Thursday, March 22, 2007

Rewind Wednesdays

I am trying to post an old blog every wednesday, but ya know... it really COULD be wednesday by my standards. Here's something quite old.

ps - Reality check, oh wait I live in one and don't need to name myself such so to prove it.... hm. Guess what, it's my perogative, make my own decisions, I can do what I wanna do, why can't I live without all the things people say? Suck it love, and give a good listen to lyrics... I rarely don't mean them emphatically. Go ahead and look that up.

Moving on....






-DM
-----

Being Married

I suppose this entry’s title is wrongly named, because one doesn’t technically have to be married to go through the ups and downs of it, the license and rings just tend to raise the stakes a bit.

Mr. Morgan and I have been married almost two years now, after a careful courtship where we sniffed each other’s asses and made sure we were not just overwhelmed with wanting to fuck, but actually had a deep affection for another.
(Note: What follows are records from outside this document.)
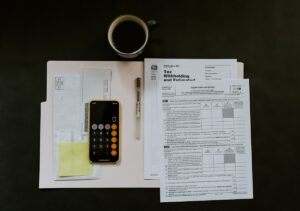 Bureau avec documents fiscaux, calculatrice et tasse de café.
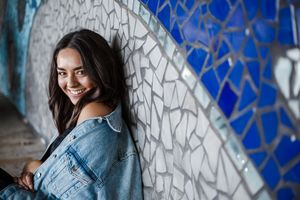 Fashion portraits against a vibrant blue mosaic wall with artistic tile patterns.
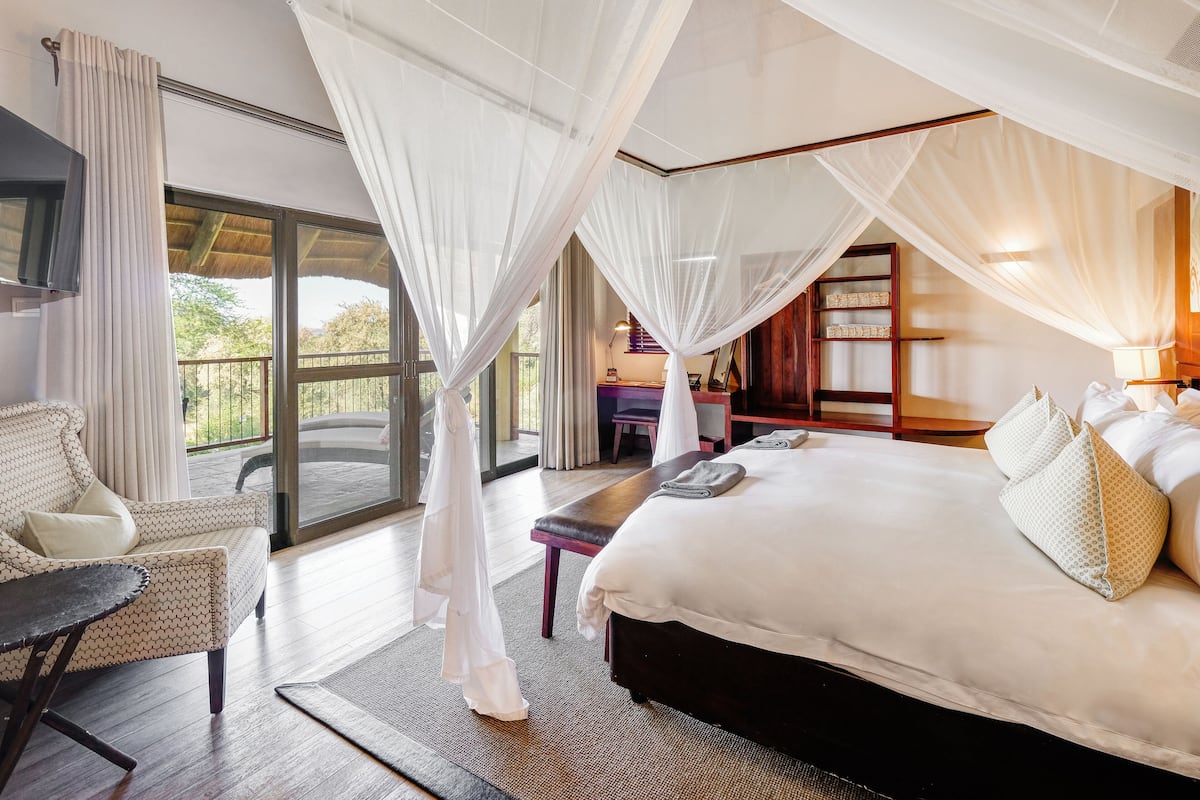 A bedroom with a large bed, a chair, a desk, and a view of the outdoors.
Turns out we still just want to fuck, but get along pretty well during the times we aren’t naked.

Being married offers a variety of challenges, while presenting the comfort of having a warm body next to you at night, and someone who will forever listen to your bitching because they live there and have no where to run.

I had roommates once, a couple who shared one room and I had the other. I didn’t see the scope of how hard it was to live with another person at that time, mostly because I didn’t give a fuck what they did as long as they stayed out of my cereal and dill pickles.
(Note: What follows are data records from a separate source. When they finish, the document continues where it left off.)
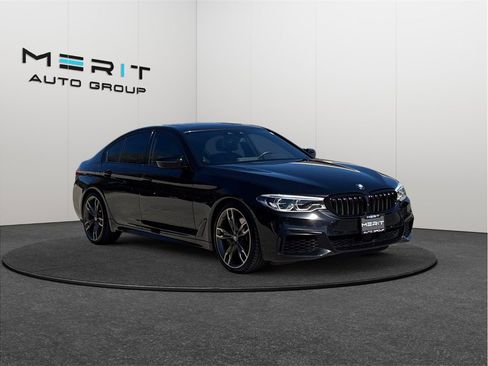 Used 2020 BMW M550i xDrive w/ Executive Package image 1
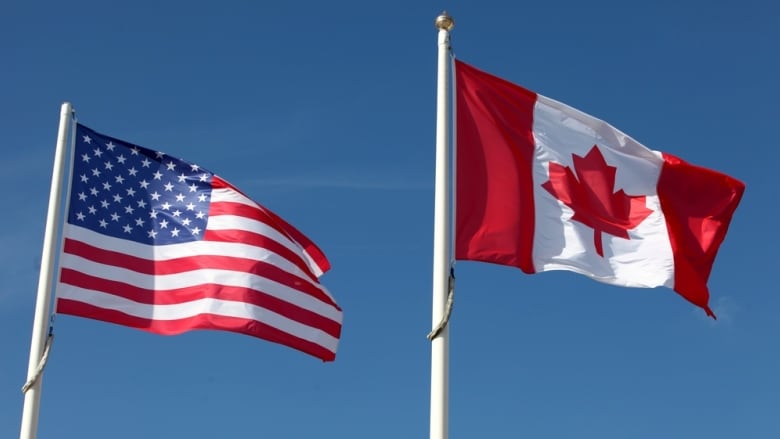 An American flag and Canadian flag fly side-by-side.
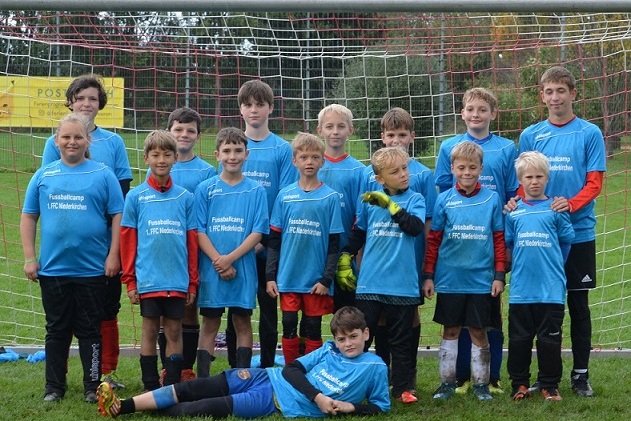 Gruppe von 14 Jungen in blauen T-Shirts mit der Aufschrift &bdquo;Fu&szlig;ballcamp&ldquo; vor einem Fu&szlig;balltor auf dem Rasen.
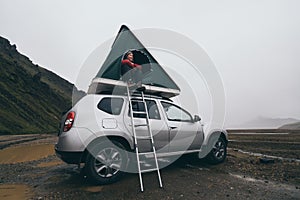 Landmannalaugar, Iceland - August 2018: Young woman sitting on a ladder next to offroad car with tent on the roof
I married Mr. Troll, and it still didn’t quite occur to me. I tended to just ignore him and do my dog rescue thing. I never cooked, cleaned and rarely fucked anything that didn’t take batteries.
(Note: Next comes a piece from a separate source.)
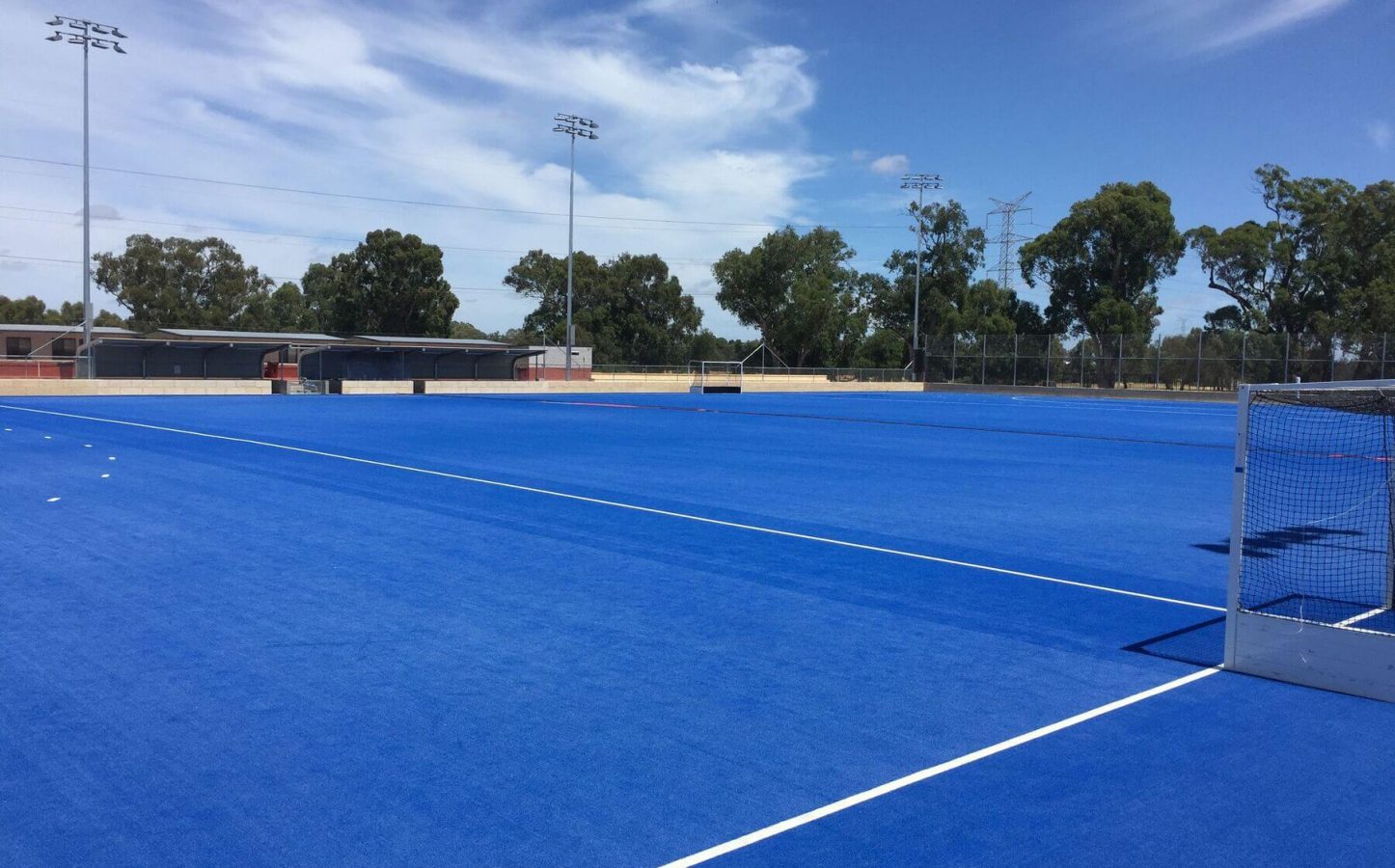 View of a Porter project, a blue hockey turf at Guildford Grammar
Then I met Mr. Morgan. I turned Betty-Fucking-Crocker overnight. I cooked (just because I didn’t for Mr. Troll does not mean I do not know how, I just generally don’t) I cleaned. I learned to chase his fleeing socks with a giant net and wrestle them into the washing machine. I did all of these things with a sense of pride. I’d say to self “My man worked all day, he deserves a clean home, a hot meal and a sexy bitch for a wife!”

I still think these things, and do those things, but it is funny how the little shit changes. Back when I was new ass to him there was no bickering, he would laugh and find my weird shit endearing. Now it’s grounds to banter back and forth until one or the other snaps and starts a pinching war. This happens frequently, the latest being on the road to Marine World.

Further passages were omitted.